===== The data =====
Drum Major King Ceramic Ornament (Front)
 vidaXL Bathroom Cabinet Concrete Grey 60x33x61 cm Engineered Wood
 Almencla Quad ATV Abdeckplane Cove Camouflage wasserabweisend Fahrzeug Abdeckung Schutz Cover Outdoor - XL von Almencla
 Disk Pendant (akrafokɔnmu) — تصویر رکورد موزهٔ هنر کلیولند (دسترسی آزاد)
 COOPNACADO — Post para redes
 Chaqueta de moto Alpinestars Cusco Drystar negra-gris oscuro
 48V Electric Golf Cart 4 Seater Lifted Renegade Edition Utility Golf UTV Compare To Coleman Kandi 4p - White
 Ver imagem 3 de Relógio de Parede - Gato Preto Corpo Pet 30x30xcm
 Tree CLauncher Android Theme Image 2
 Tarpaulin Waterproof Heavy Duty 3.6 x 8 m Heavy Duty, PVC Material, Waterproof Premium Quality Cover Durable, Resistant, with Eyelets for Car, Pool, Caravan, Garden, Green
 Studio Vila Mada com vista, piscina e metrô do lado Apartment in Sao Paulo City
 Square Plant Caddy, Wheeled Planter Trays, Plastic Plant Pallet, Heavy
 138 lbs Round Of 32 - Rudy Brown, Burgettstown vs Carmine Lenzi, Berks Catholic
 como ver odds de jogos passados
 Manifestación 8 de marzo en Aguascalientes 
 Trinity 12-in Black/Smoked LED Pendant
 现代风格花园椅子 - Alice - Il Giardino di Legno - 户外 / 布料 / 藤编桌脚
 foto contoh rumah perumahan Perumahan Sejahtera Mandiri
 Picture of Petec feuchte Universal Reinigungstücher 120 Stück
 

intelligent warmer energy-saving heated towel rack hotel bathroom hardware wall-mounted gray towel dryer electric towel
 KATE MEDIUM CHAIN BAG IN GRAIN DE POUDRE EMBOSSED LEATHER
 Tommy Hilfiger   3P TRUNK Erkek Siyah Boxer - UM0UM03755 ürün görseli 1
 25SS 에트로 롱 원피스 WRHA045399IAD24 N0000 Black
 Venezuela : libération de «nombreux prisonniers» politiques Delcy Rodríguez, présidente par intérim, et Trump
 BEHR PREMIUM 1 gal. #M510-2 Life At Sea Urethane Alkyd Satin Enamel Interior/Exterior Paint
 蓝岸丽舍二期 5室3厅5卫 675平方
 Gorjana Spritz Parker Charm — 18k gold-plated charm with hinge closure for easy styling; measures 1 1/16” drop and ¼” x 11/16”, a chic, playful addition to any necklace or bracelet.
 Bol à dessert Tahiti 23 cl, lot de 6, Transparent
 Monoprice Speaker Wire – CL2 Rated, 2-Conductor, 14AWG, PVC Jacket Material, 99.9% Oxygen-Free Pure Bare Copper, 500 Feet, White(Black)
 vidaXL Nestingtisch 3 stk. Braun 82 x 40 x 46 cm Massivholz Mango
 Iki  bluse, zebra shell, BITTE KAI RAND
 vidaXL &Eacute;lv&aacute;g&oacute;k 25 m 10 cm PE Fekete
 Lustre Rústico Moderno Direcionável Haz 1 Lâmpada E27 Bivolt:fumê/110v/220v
=====
▸ **Exercise prompt**
Start at the line containing "Gorjana Spritz Parker" and print each line exactly until the listing ends, keeping the final line too.

▸ **Task answer**
 Gorjana Spritz Parker Charm — 18k gold-plated charm with hinge closure for easy styling; measures 1 1/16” drop and ¼” x 11/16”, a chic, playful addition to any necklace or bracelet.
 Bol à dessert Tahiti 23 cl, lot de 6, Transparent
 Monoprice Speaker Wire – CL2 Rated, 2-Conductor, 14AWG, PVC Jacket Material, 99.9% Oxygen-Free Pure Bare Copper, 500 Feet, White(Black)
 vidaXL Nestingtisch 3 stk. Braun 82 x 40 x 46 cm Massivholz Mango
 Iki  bluse, zebra shell, BITTE KAI RAND
 vidaXL &Eacute;lv&aacute;g&oacute;k 25 m 10 cm PE Fekete
 Lustre Rústico Moderno Direcionável Haz 1 Lâmpada E27 Bivolt:fumê/110v/220v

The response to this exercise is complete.